_Problem details_:
Make an exact copy of the records, omitting all images.
--- START ---
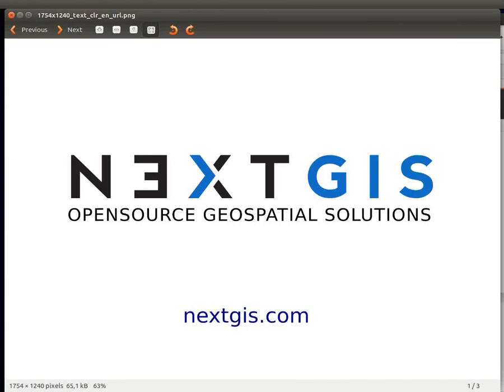Hi everyone! In this video I'll show you how to switch to the premium plan for a WebGIS service at nextgis.com.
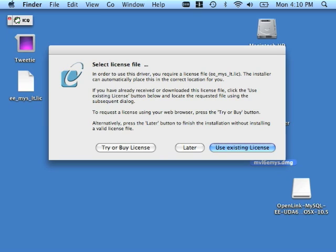If you already have a license, just click Use Existing License and browse your Mac OS X system for it. Note, if you're not sure whether or not you have the correct license file, the license dialog always provides the name of the license that it's looking for. This installer is looking for ee-my5-lt.lic. Note that I have this license file over here on the left.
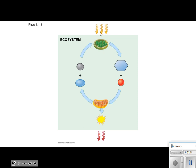Up here is sunlight. Absolutely, because that is one of the necessary reactants that we will have in photosynthesis. Now, can you tell by the way we have these arrows that this is cyclic? It is a cycle that is occurring.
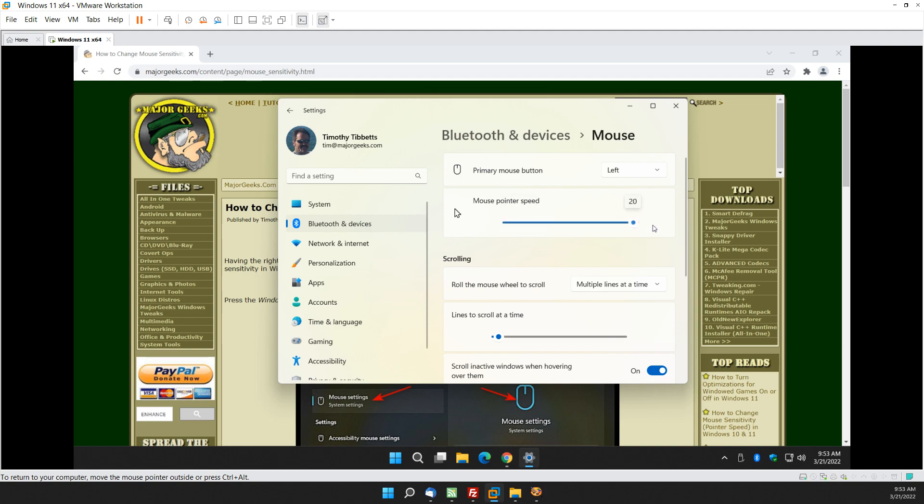Then go way over here and you can see I'm moving at the same speed but it's much faster. So by default it's somewhere towards the middle around here.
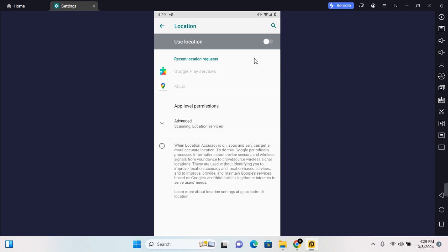Tap on any one and this will open the location service. Toggle on this and your location service will be turned on. To turn it off, toggle off on this and your location service will be turned off.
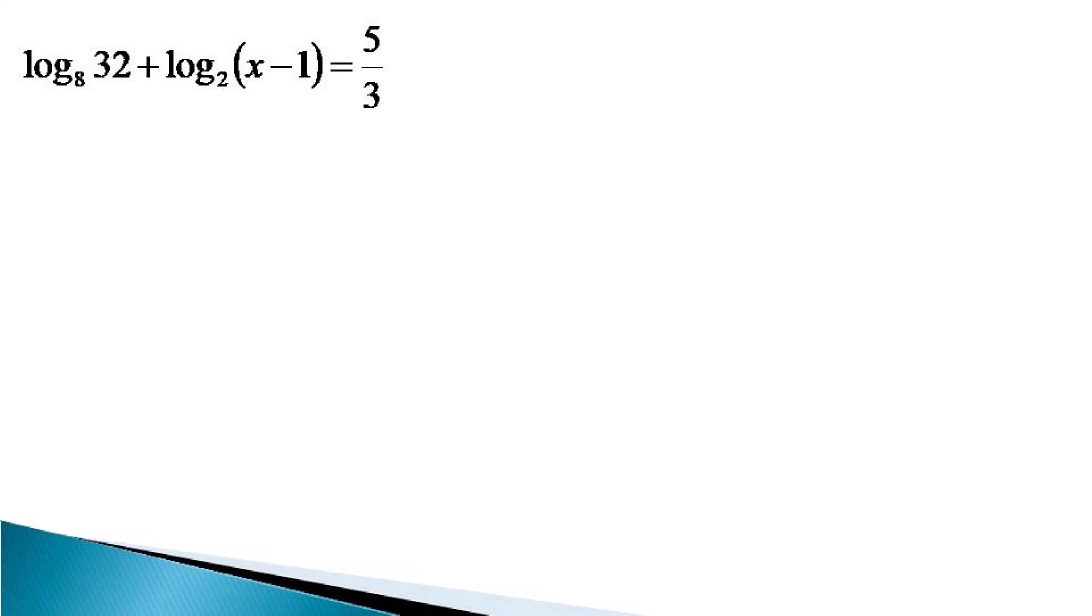First we shall transpose the log 32 to the base 8 term from left hand side to right hand side. Now isolating the variable term on the left hand side, the equation becomes log x minus 1 to the base 2 is equal to 5 by 3 minus log of 32 to the base 8.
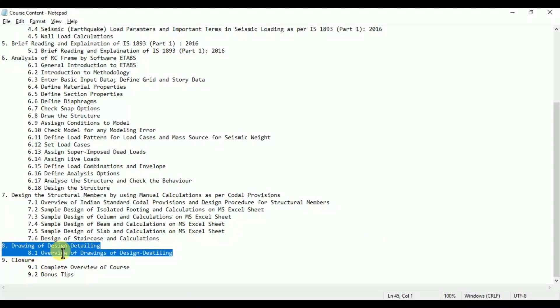In this video lecture we will see drawings of design detailing for the sections that we designed in our previous lecture, i.e., isolated footing, column, beam, slab, and staircase. So first of all we will see the design drawing detailing for the beams.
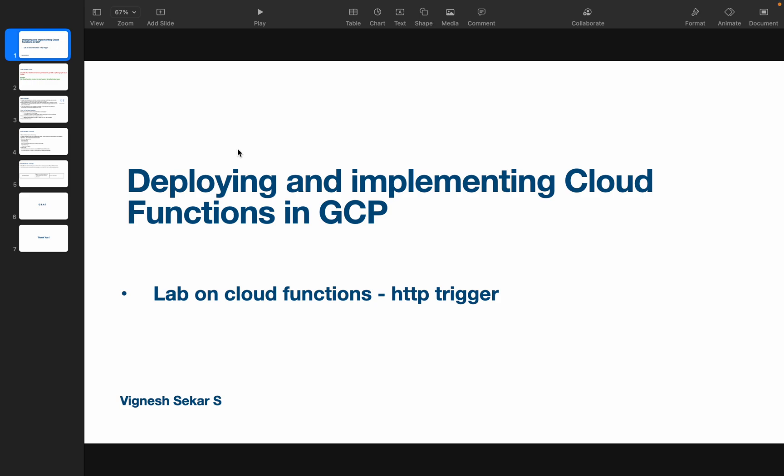I am Vignesh and welcome back to my YouTube channel Cloud and AI Analytics. Hope everyone is doing good. In this video we will be seeing how to configure cloud functions with HTTP trigger.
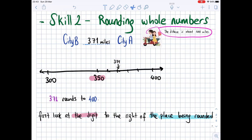Hello everybody, let's continue where we left off — skill 2: rounding whole numbers. There are two cities, City A and City B, and the distance between them is 371 miles. If you tell a friend that the distance is about 400 miles, you have rounded the number.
--- END ---
_Task solution_:
Hi everyone! In this video I'll show you how to switch to the premium plan for a WebGIS service at nextgis.com.
If you already have a license, just click Use Existing License and browse your Mac OS X system for it. Note, if you're not sure whether or not you have the correct license file, the license dialog always provides the name of the license that it's looking for. This installer is looking for ee-my5-lt.lic. Note that I have this license file over here on the left.
Up here is sunlight. Absolutely, because that is one of the necessary reactants that we will have in photosynthesis. Now, can you tell by the way we have these arrows that this is cyclic? It is a cycle that is occurring.
Then go way over here and you can see I'm moving at the same speed but it's much faster. So by default it's somewhere towards the middle around here.
Tap on any one and this will open the location service. Toggle on this and your location service will be turned on. To turn it off, toggle off on this and your location service will be turned off.
First we shall transpose the log 32 to the base 8 term from left hand side to right hand side. Now isolating the variable term on the left hand side, the equation becomes log x minus 1 to the base 2 is equal to 5 by 3 minus log of 32 to the base 8.
In this video lecture we will see drawings of design detailing for the sections that we designed in our previous lecture, i.e., isolated footing, column, beam, slab, and staircase. So first of all we will see the design drawing detailing for the beams.
I am Vignesh and welcome back to my YouTube channel Cloud and AI Analytics. Hope everyone is doing good. In this video we will be seeing how to configure cloud functions with HTTP trigger.
Hello everybody, let's continue where we left off — skill 2: rounding whole numbers. There are two cities, City A and City B, and the distance between them is 371 miles. If you tell a friend that the distance is about 400 miles, you have rounded the number.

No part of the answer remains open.